11 Replies Latest reply on Feb 10, 2016 11:22 PM by wyld

    Client Access Account

    duberyy_wotsit Apprentice
      Hi,

      I am trying to keep all service accounts set with least privilege.  What permissions does the Client Access account actually need on the endpoints?  I do not need it to install the CCA as this will be performed by SCCM so I was hoping that it would not need to be a local administrator.

      Thanks
        • 1. Re: Client Access Account
          Landon Winburn Expert
          Unfortunately it needs admin rights as it copies exe's to the admin$ share of the machine to execute the poll now.
          • 2. Re: Client Access Account
            duberyy_wotsit Apprentice
            Thanks, what permissions does the account require on the management server?  I have a Client Access Account configured which has admin rights on all workstations but when I attempt a Poll Now I am presented with an access denied error on opening the AppSense Deployment Service on the management server...
            • 3. Re: Client Access Account
              Landon Winburn Expert
              It shouldn't need any permissions on the server.
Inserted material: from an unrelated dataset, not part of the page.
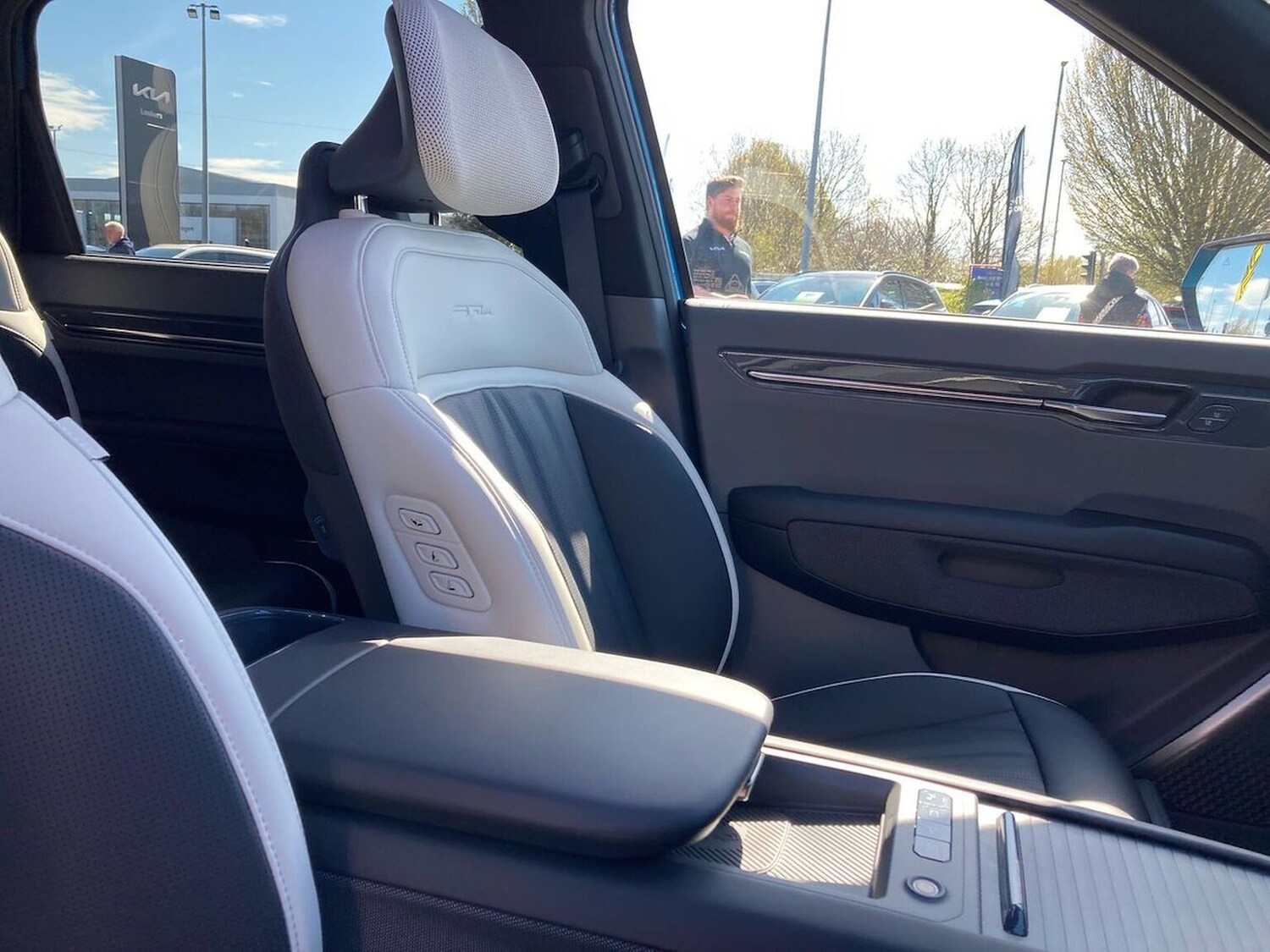 Used Kia EV9 2025 for sale - 78195757: Photo 47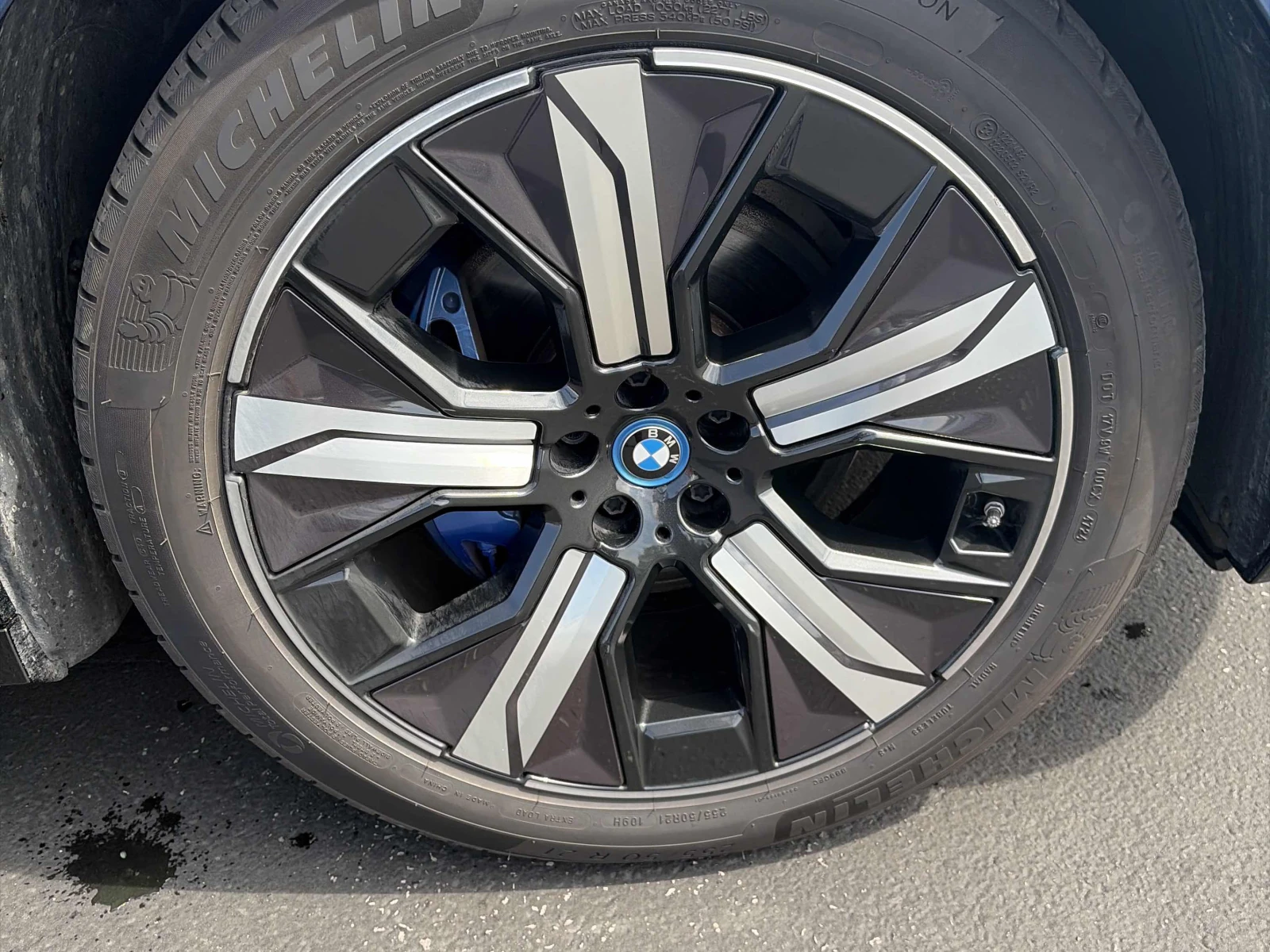 BMW iX xDrive50, АВТОКРЕДИТ, снимка 7 - Автомобили и джипове - 55924416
              If you open the SCU does it show any variances? Can you go to the client access log in the AMC for the machine you polled and copy the output to the clipboard and paste it here?
              • 4. Re: Client Access Account
                Landon Winburn Expert
                Also if you have two or more servers make sure the SCU is clean on all of them.
                • 5. Re: Client Access Account
                  duberyy_wotsit Apprentice
                  0 Variances on both the Management Servers (load balanced).  The client access log does not show anything for a failed poll.  Nothing is set in the Management Server -> Encryption section, should it be when load balancing?
                  • 6. Re: Client Access Account
                    Landon Winburn Expert
                    Encryption in the SCU should show no variances. At some point you should have done a "Store" in the SCU and a "Retrieve" on the second SCU to sync the decryption keys. If that all checks out then you may need to run a SQL script to clear the deployment instructions.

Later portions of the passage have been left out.